MOSCOW, Feb 19 (Reuters) – Russian households’ inflation expectations, an important gauge for monetary policy, fell to 13.1% in February from 13.7% in January, central bank data showed on Thursday, with analysts saying the drop increases room for future rate cuts.
The indicator, which measures how households expect pricesto change over the next year, had been rising since October after the government decided to raise value-added tax (VAT) to 22% from 20%, a move that typically feeds into prices.
Inflation jumped at the start of the year when the VAT rise took effect, but the central bank said it would have a one-off impact and that price growth would stabilise. Last Friday the bank cut its key rate by 50 basis points to 15.5% and signalled that it could fall further.

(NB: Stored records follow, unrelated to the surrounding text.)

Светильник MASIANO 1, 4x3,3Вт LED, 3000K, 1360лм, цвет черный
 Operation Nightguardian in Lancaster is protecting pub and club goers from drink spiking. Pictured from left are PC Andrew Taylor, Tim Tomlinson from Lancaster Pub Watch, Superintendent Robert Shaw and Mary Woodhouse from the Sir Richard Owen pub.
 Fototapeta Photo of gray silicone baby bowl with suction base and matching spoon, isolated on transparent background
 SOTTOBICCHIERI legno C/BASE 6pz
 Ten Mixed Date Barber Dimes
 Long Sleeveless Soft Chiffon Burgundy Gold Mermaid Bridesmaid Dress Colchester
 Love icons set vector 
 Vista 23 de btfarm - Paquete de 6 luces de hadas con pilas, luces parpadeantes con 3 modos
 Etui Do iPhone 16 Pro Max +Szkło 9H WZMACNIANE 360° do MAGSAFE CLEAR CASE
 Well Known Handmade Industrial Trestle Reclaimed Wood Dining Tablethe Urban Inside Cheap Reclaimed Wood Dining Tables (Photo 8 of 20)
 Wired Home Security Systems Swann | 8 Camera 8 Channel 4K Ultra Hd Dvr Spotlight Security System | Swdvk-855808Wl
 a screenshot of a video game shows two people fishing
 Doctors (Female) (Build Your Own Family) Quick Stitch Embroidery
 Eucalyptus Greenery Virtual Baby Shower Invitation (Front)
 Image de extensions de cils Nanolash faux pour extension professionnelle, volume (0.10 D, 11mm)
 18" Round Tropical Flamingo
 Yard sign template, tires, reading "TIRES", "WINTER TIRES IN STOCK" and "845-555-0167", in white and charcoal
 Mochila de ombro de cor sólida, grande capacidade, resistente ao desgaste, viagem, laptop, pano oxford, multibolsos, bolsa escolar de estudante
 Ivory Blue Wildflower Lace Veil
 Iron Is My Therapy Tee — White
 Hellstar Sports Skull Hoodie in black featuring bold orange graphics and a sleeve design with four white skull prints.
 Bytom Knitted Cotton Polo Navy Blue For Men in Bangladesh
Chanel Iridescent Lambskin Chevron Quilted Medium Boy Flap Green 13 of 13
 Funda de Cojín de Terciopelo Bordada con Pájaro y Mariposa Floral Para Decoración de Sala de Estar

“February’s decline in inflation expectations suggests that households see January’s inflation acceleration as temporary and driven by one-off factors, and expect more moderate price growth going forward,” the central bank said in a comment to Reuters on the latest data.
Sofya Donets, chief analyst at T-Bank, said the trend pointed to further easing. “Apparently, the VAT hike acted as a mega-trigger and captured all the attention. But it also dropped out of expectations faster,” she said.
The early-year inflation spike had previously cast doubt on the central bank’s scope for additional rate cuts, which are seen as important for supporting a slowing economy and returning it to growth.
The inflation expectation gauge is particularly important in an environment where many Russians question official data and believe that prices of some goods – most recently cucumbers – are rising much faster than statistics suggest.
“A systemic decline in inflation expectations provides fairly strong arguments in favour of a further cut in the key rate at the next meeting on March 20,” said Denis Popov of PSB Bank.